Mauricio Pochettino's role as Tottenham head coach looks secure for years to come.
Tottenham Hotspur were once a club who fired coaches for failing to finish in the Champions League spots.
Martin Jol and Harry Redknapp bit the dust, while Andre Villas-Boas and Juande Ramos were axed after poor results.
Spurs are now entering a new era however, with their new stadium draining the club's finances and making stability the most important option.
New bosses want money to buy their own players, yet current head coach Mauricio Pochettino is comfortable with working with what he has, particularly adept at developing young talent.
The Guardian report that Tottenham want to see through the next three seasons until they move into their new stadium in 2018/19, and regard Pochettino as the ideal head coach to see them through.
The report states: "Pochettino is Levy’s perfect manager for this period. He is flexible and he works with what he is given, without complaint."
So has chairman Daniel Levy finally found his 'Yes Man'?
The answer is not quite.
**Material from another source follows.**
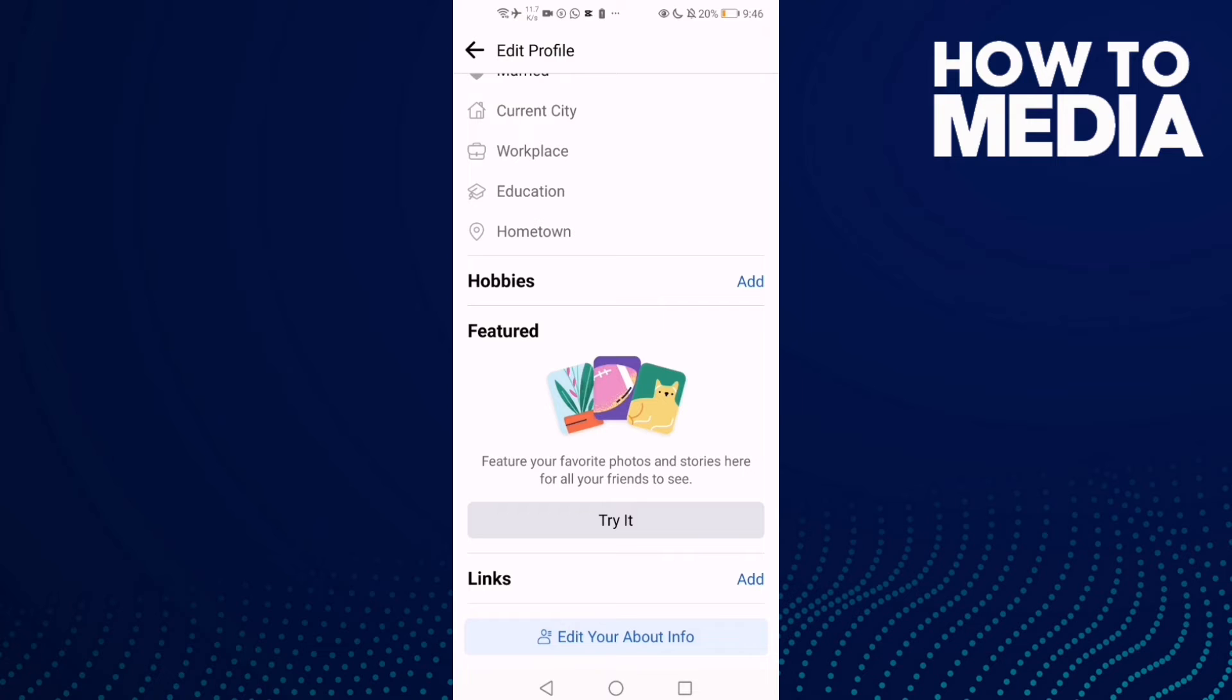And as you see now, the GitHub account has been removed from my Facebook.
Pochettino is displaying traits of simply being happy to be at Spurs, and is not making any complaints or demands, even though the club failed to buy the player they really needed to this summer, a striker.
Yet behind the scenes, the Argentine may be more bolshy. Talksport reported that Pochettino blocked Erik Lamela's move to Marseille, which Levy had been negotiating.
He has also been more than confident regarding players he does and does not like. Unhappy with Benjamin Stambouli? He was content for the club to sell him after just one year, while he offered Vlad Chiriches, Paulinho and Etienne Capoue few chances after failing to impress.
His falling out with Emmanuel Adebayor also led to a complex wrangle for Levy to sort out, and ultimately pay off. Another head coach may have chosen to integrate the striker into the first team, as Tim Sherwood did.
Levy may have the ideal coach for his project, but Pochettino is not likely to give him an easy ride, as also evidenced by his insistence for Paul Mitchell to join as head of recruitment, essentially ripping up the chairman's Franco Baldini experiment over just 12 months.